AAT: Adapting Audio Transformer for Various Acoustics Recognition Tasks
Yun Liang, Hai Lin, Shaojian Qiu, Yihang Zhang
TL;DR
This work tackles transferring pre-trained audio Transformers to diverse downstream acoustic tasks without sacrificing generalization or incurring prohibitive fine-tuning costs. The authors propose AAT, freezing the backbone and introducing two adapters: a bottleneck MLP Adapter in parallel with the MLP and a Spatial Adapter after MHSA, enabling task-specific adaptation while preserving pre-trained representations. Experiments on six datasets across event, speech, and music tasks show AAT matches or surpasses full fine-tuning while updating only 7.118% of parameters and achieving faster per-epoch training. The study demonstrates the practical value of PEFT in acoustics recognition and highlights conditions under which SSL vs SL pre-training benefits AAT.
Abstract
Recently, Transformers have been introduced into the field of acoustics recognition. They are pre-trained on large-scale datasets using methods such as supervised learning and semi-supervised learning, demonstrating robust generality--It fine-tunes easily to downstream tasks and shows more robust performance. However, the predominant fine-tuning method currently used is still full fine-tuning, which involves updating all parameters during training. This not only incurs significant memory usage and time costs but also compromises the model's generality. Other fine-tuning methods either struggle to address this issue or fail to achieve matching performance.

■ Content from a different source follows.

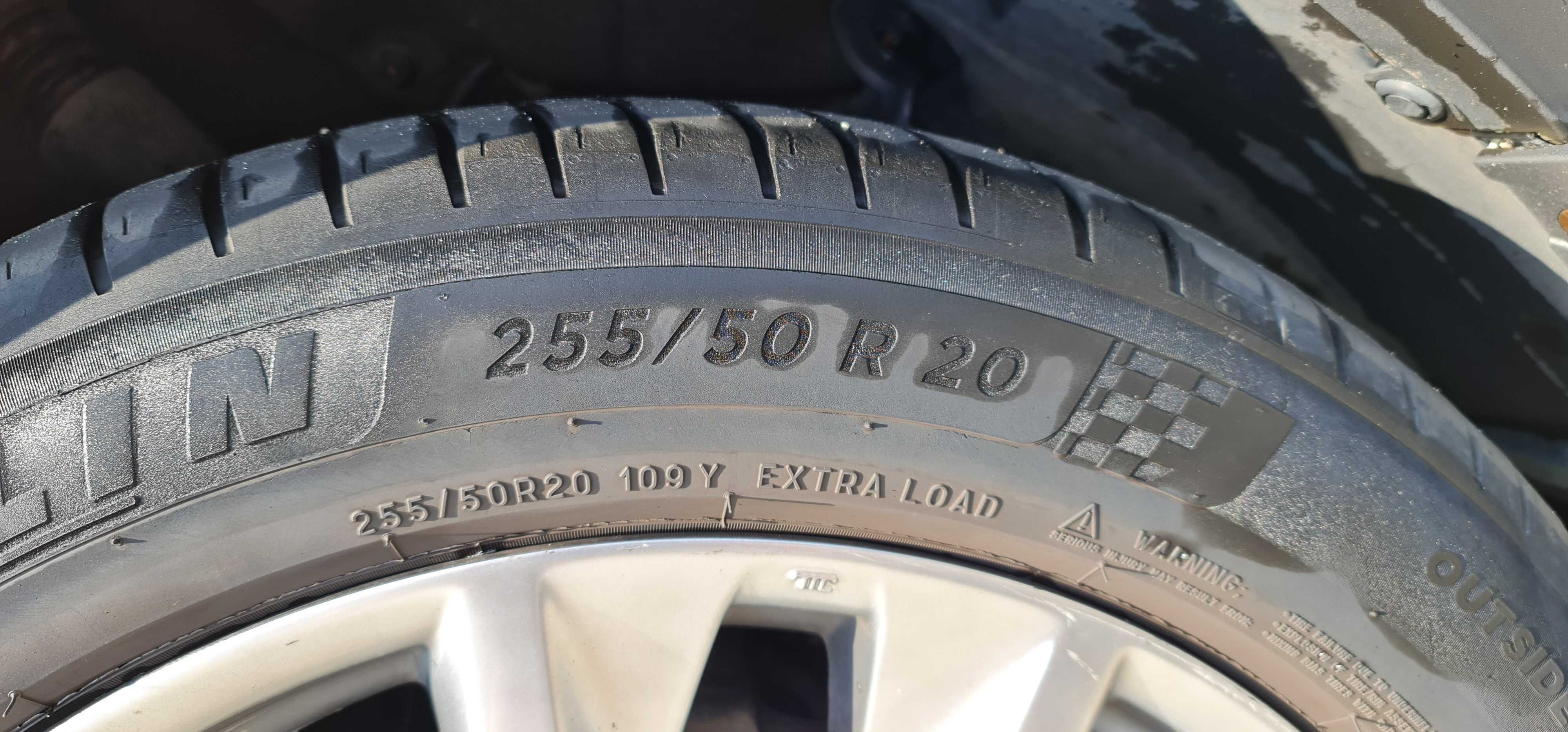 Шины летние Michelin pilot sport 4 255/50 R 20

Therefore, we conducted a comprehensive analysis of existing fine-tuning methods and proposed an efficient fine-tuning approach based on Adapter tuning, namely AAT. The core idea is to freeze the audio Transformer model and insert extra learnable Adapters, efficiently acquiring downstream task knowledge without compromising the model's original generality. Extensive experiments have shown that our method achieves performance comparable to or even superior to full fine-tuning while optimizing only 7.118% of the parameters. It also demonstrates superiority over other fine-tuning methods.